┌──
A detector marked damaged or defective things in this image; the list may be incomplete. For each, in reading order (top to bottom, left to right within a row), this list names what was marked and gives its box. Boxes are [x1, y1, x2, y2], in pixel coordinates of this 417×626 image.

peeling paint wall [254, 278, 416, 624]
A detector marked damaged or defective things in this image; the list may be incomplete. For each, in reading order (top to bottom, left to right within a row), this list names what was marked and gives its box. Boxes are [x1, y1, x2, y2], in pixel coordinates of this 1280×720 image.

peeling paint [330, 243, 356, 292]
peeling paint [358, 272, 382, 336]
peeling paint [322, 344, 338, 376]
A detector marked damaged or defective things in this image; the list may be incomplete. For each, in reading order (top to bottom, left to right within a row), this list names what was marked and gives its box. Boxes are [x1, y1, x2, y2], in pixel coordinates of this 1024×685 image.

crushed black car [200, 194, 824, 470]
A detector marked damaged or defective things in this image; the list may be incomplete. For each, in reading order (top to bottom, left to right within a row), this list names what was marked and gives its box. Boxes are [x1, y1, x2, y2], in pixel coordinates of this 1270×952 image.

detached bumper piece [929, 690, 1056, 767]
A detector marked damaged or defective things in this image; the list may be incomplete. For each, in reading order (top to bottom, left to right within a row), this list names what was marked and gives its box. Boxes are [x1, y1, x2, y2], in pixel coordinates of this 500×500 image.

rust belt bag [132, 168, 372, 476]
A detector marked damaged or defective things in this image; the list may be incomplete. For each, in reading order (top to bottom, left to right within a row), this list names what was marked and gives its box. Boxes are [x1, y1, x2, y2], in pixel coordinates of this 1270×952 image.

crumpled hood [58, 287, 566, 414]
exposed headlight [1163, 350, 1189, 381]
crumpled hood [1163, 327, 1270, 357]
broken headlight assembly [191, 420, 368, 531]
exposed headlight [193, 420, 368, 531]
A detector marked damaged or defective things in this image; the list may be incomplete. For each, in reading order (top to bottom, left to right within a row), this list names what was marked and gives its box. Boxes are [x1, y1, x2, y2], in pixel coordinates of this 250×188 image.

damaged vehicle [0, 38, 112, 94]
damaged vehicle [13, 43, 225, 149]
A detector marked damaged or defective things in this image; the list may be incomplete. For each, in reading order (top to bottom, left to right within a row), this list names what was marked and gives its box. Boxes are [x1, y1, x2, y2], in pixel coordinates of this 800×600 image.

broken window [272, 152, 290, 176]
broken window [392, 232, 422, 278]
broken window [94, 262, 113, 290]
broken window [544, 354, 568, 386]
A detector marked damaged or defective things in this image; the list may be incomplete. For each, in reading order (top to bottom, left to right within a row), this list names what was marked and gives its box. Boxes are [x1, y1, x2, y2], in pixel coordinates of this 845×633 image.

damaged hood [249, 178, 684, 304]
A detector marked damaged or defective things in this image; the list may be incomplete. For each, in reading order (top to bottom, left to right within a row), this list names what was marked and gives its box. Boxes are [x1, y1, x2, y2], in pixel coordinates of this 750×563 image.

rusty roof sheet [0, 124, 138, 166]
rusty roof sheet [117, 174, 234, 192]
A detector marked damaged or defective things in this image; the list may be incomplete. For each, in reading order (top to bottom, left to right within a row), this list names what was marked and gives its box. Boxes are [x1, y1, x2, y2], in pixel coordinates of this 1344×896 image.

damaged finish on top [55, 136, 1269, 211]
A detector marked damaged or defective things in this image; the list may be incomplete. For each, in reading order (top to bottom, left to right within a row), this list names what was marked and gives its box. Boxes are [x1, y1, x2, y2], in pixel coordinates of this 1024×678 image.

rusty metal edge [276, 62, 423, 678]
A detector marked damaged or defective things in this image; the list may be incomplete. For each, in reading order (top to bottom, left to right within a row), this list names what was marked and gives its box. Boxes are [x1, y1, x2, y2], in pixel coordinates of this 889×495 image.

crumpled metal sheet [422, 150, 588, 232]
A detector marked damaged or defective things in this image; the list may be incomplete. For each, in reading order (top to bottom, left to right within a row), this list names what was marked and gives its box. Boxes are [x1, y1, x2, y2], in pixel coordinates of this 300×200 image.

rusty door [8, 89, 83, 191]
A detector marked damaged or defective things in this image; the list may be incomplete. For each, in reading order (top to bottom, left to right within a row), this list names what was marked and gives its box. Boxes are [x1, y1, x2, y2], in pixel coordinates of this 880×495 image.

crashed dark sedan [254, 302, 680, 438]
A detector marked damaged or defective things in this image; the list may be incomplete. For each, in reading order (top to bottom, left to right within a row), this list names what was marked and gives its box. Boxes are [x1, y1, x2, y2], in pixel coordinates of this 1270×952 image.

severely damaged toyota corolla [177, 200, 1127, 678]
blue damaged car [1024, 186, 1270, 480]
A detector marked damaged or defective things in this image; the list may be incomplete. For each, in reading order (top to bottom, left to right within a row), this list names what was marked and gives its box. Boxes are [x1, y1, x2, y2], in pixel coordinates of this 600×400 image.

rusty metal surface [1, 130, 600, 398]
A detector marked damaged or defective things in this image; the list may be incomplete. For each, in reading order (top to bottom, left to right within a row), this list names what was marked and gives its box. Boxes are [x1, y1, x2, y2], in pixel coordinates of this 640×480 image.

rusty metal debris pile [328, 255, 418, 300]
└──
## WORK INSTRUCTION
Extract the complete set of records unchanged.

## TASK SOLUTION
A detector marked damaged or defective things in this image; the list may be incomplete. For each, in reading order (top to bottom, left to right within a row), this list names what was marked and gives its box. Boxes are [x1, y1, x2, y2], in pixel coordinates of this 417×626 image.

peeling paint wall [254, 278, 416, 624]
A detector marked damaged or defective things in this image; the list may be incomplete. For each, in reading order (top to bottom, left to right within a row), this list names what was marked and gives its box. Boxes are [x1, y1, x2, y2], in pixel coordinates of this 1280×720 image.

peeling paint [330, 243, 356, 292]
peeling paint [358, 272, 382, 336]
peeling paint [322, 344, 338, 376]
A detector marked damaged or defective things in this image; the list may be incomplete. For each, in reading order (top to bottom, left to right within a row), this list names what was marked and gives its box. Boxes are [x1, y1, x2, y2], in pixel coordinates of this 1024×685 image.

crushed black car [200, 194, 824, 470]
A detector marked damaged or defective things in this image; the list may be incomplete. For each, in reading order (top to bottom, left to right within a row), this list names what was marked and gives its box. Boxes are [x1, y1, x2, y2], in pixel coordinates of this 1270×952 image.

detached bumper piece [929, 690, 1056, 767]
A detector marked damaged or defective things in this image; the list may be incomplete. For each, in reading order (top to bottom, left to right within a row), this list names what was marked and gives its box. Boxes are [x1, y1, x2, y2], in pixel coordinates of this 500×500 image.

rust belt bag [132, 168, 372, 476]
A detector marked damaged or defective things in this image; the list may be incomplete. For each, in reading order (top to bottom, left to right within a row), this list names what was marked and gives its box. Boxes are [x1, y1, x2, y2], in pixel coordinates of this 1270×952 image.

crumpled hood [58, 287, 566, 414]
exposed headlight [1163, 350, 1189, 381]
crumpled hood [1163, 327, 1270, 357]
broken headlight assembly [191, 420, 368, 531]
exposed headlight [193, 420, 368, 531]
A detector marked damaged or defective things in this image; the list may be incomplete. For each, in reading order (top to bottom, left to right within a row), this list names what was marked and gives its box. Boxes are [x1, y1, x2, y2], in pixel coordinates of this 250×188 image.

damaged vehicle [0, 38, 112, 94]
damaged vehicle [13, 43, 225, 149]
A detector marked damaged or defective things in this image; the list may be incomplete. For each, in reading order (top to bottom, left to right within a row), this list names what was marked and gives its box. Boxes are [x1, y1, x2, y2], in pixel coordinates of this 800×600 image.

broken window [272, 152, 290, 176]
broken window [392, 232, 422, 278]
broken window [94, 262, 113, 290]
broken window [544, 354, 568, 386]
A detector marked damaged or defective things in this image; the list may be incomplete. For each, in reading order (top to bottom, left to right within a row), this list names what was marked and gives its box. Boxes are [x1, y1, x2, y2], in pixel coordinates of this 845×633 image.

damaged hood [249, 178, 684, 304]
A detector marked damaged or defective things in this image; the list may be incomplete. For each, in reading order (top to bottom, left to right within a row), this list names what was marked and gives its box. Boxes are [x1, y1, x2, y2], in pixel coordinates of this 750×563 image.

rusty roof sheet [0, 124, 138, 166]
rusty roof sheet [117, 174, 234, 192]
A detector marked damaged or defective things in this image; the list may be incomplete. For each, in reading order (top to bottom, left to right within a row), this list names what was marked and gives its box. Boxes are [x1, y1, x2, y2], in pixel coordinates of this 1344×896 image.

damaged finish on top [55, 136, 1269, 211]
A detector marked damaged or defective things in this image; the list may be incomplete. For each, in reading order (top to bottom, left to right within a row), this list names what was marked and gives its box. Boxes are [x1, y1, x2, y2], in pixel coordinates of this 1024×678 image.

rusty metal edge [276, 62, 423, 678]
A detector marked damaged or defective things in this image; the list may be incomplete. For each, in reading order (top to bottom, left to right within a row), this list names what was marked and gives its box. Boxes are [x1, y1, x2, y2], in pixel coordinates of this 889×495 image.

crumpled metal sheet [422, 150, 588, 232]
A detector marked damaged or defective things in this image; the list may be incomplete. For each, in reading order (top to bottom, left to right within a row), this list names what was marked and gives its box. Boxes are [x1, y1, x2, y2], in pixel coordinates of this 300×200 image.

rusty door [8, 89, 83, 191]
A detector marked damaged or defective things in this image; the list may be incomplete. For each, in reading order (top to bottom, left to right within a row), this list names what was marked and gives its box. Boxes are [x1, y1, x2, y2], in pixel coordinates of this 880×495 image.

crashed dark sedan [254, 302, 680, 438]
A detector marked damaged or defective things in this image; the list may be incomplete. For each, in reading order (top to bottom, left to right within a row), this list names what was marked and gives its box. Boxes are [x1, y1, x2, y2], in pixel coordinates of this 1270×952 image.

severely damaged toyota corolla [177, 200, 1127, 678]
blue damaged car [1024, 186, 1270, 480]
A detector marked damaged or defective things in this image; the list may be incomplete. For each, in reading order (top to bottom, left to right within a row), this list names what was marked and gives its box. Boxes are [x1, y1, x2, y2], in pixel coordinates of this 600×400 image.

rusty metal surface [1, 130, 600, 398]
A detector marked damaged or defective things in this image; the list may be incomplete. For each, in reading order (top to bottom, left to right within a row), this list names what was marked and gives its box. Boxes are [x1, y1, x2, y2], in pixel coordinates of this 640×480 image.

rusty metal debris pile [328, 255, 418, 300]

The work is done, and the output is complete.